━━━ Dataset records ━━━

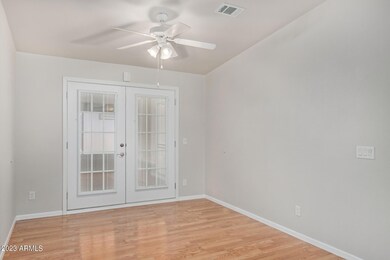 dining area overlooking living area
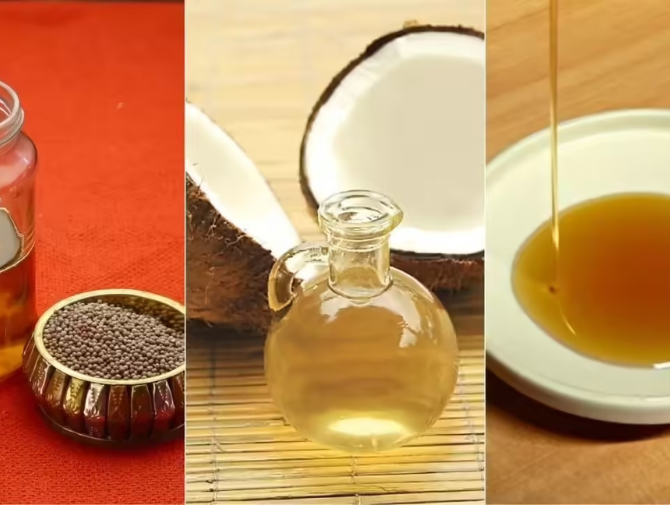 'Refined' doesn't mean healthier: GMC Srinagar dispels cooking oil.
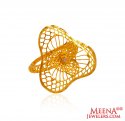22k Gold Ring for Ladies - Click here to buy online - 427 only..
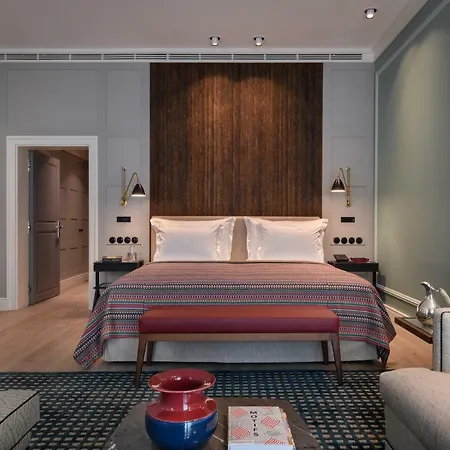 Bairro Alto - The Leading Of The World 5* Лісабон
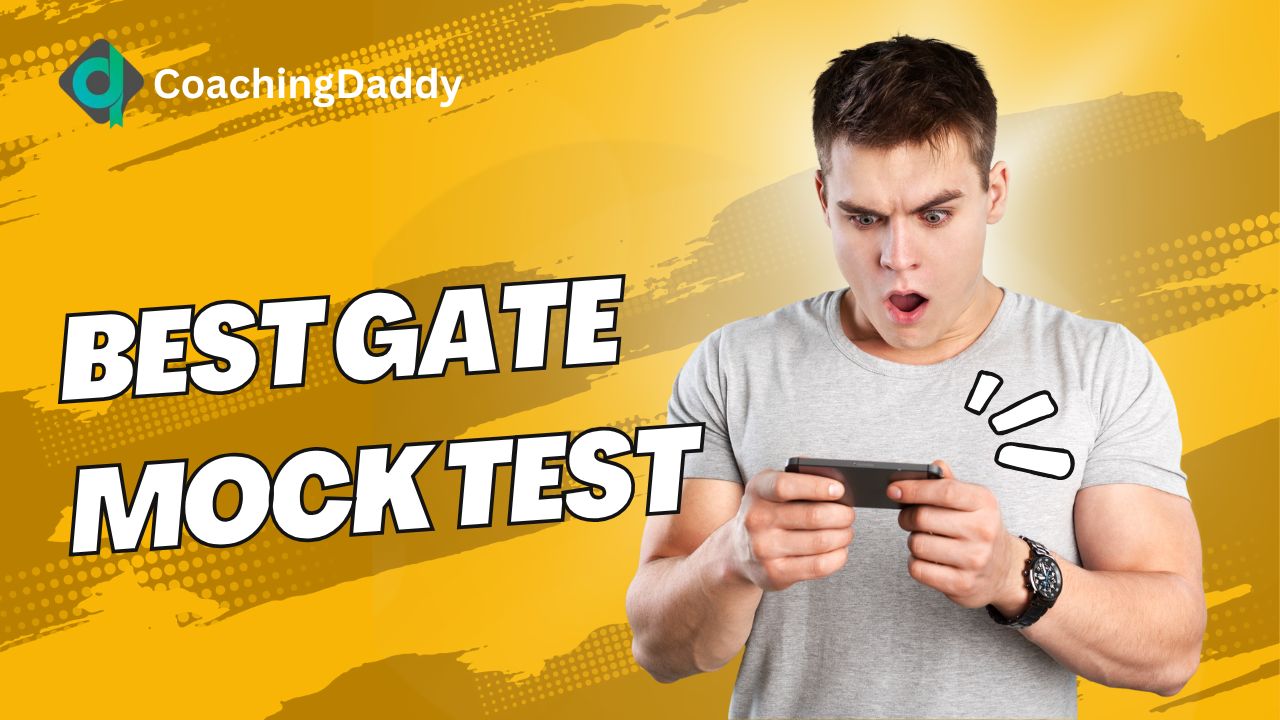 Best GATE Mock Test Series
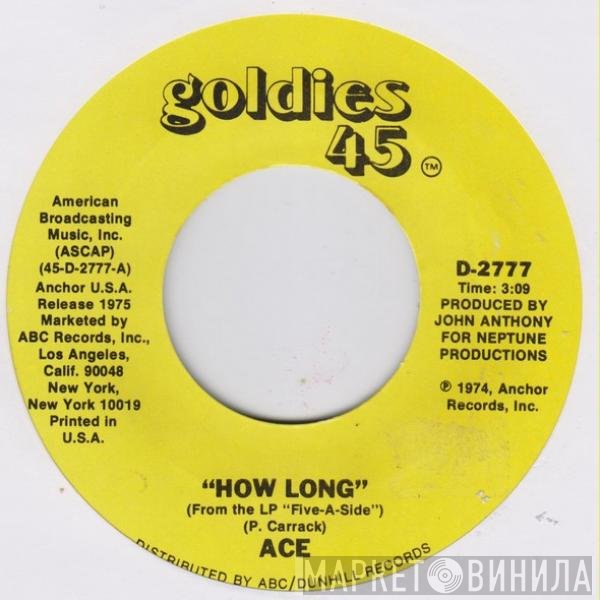 Ace   - How Long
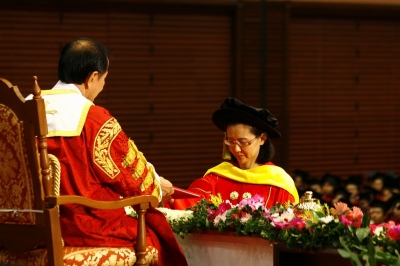 The 37th Commencement Exercises _361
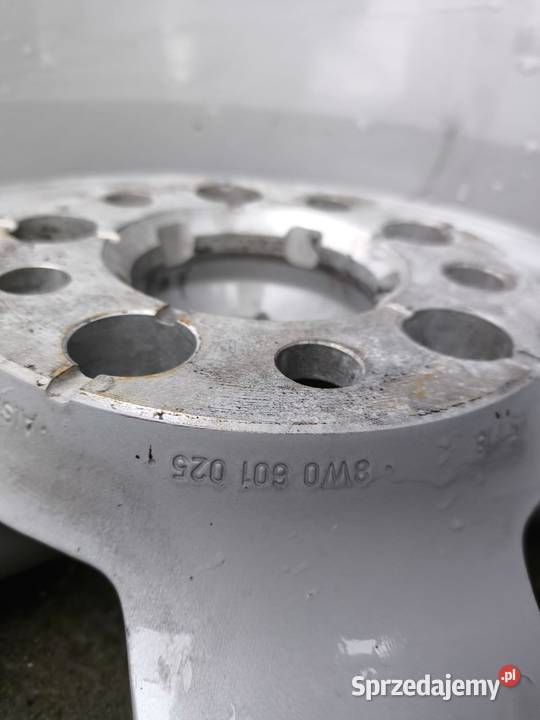 Felgi Koła VW Audi A3 A4 Q2 16 5x112 ET45 zima Pińczów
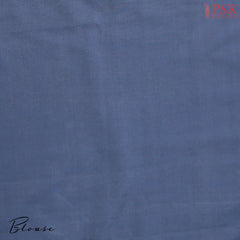 Dorian Grey Semi Banaras Saree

━━━

Please repeat the lines above from the line containing "dispels cooking oil." through the final line, both included, exactly as they stand and without pictures.

**Written answer**
 'Refined' doesn't mean healthier: GMC Srinagar dispels cooking oil.
22k Gold Ring for Ladies - Click here to buy online - 427 only..
 Bairro Alto - The Leading Of The World 5* Лісабон
 Best GATE Mock Test Series
 Ace   - How Long
 The 37th Commencement Exercises _361
 Felgi Koła VW Audi A3 A4 Q2 16 5x112 ET45 zima Pińczów
 Dorian Grey Semi Banaras Saree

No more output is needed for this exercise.